The unmet need for contraception in India

There are notable interstate differences in access to contraception, with some states such as Uttar Pradesh and Bihar, having a greater unmet need for contraceptive services, finds new study

Mumbai: India’s total fertility rate (TFR) may have declined significantly over the years but there remains significant challenges in family planning, according to new research. In an Economic and Political Weekly article, Purushottam M. Kulkarni of Jawaharlal Nehru University suggests that there is a significant unmet need for contraception in India.

Using data from various rounds of National Family Health Surveys (NFHS), he shows that while there was a decline in the unmet need for contraceptive services from 1992-93 (NFHS-1) through to 2005-06 (NFHS-3), between 2005-06 and 2015-16 (NFHS-4), there has not been any significant improvement in access to contraception.

The ‘unmet need’ for contraception is measured as the proportion of women considered fertile who want to postpone their next birth or stop childbearing altogether, but are not using contraception. It also includes those women who have an unwanted current pregnancy and whose last birth was mistimed or unwanted.

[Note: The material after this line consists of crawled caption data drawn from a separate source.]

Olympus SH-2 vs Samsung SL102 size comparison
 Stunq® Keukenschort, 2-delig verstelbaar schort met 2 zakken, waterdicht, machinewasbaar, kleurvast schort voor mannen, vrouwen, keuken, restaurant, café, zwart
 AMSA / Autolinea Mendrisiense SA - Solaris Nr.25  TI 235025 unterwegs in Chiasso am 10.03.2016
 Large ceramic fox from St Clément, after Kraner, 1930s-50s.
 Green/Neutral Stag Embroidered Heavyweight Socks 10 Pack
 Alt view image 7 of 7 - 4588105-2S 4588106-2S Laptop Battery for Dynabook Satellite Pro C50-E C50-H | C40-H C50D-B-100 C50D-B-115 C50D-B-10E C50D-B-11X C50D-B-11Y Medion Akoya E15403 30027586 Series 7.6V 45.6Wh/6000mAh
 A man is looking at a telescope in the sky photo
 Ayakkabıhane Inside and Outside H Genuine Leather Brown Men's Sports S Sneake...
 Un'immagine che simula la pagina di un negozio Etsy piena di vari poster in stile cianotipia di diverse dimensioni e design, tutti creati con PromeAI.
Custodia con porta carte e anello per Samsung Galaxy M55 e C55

Kulkarni highlights that about 13% of couples fell under this category but did not receive the contraceptive services they desired. Within that category, there are notable interstate differences.

In Uttar Pradesh, Bihar, Nagaland, and Meghalaya, the unmet need is higher (exceeding 25%) and has been so since 1992-93. In contrast, Andhra Pradesh, Punjab, Telangana, and West Bengal have significantly lower unmet need (less than 8%). Within states, it is the poorest sections of the population that are the worst affected.

The author suggests India’s unmet need for contraception is a public health service failing. He argues that the fall in fertility rates have meant that family planning is no longer prioritized among public health workers.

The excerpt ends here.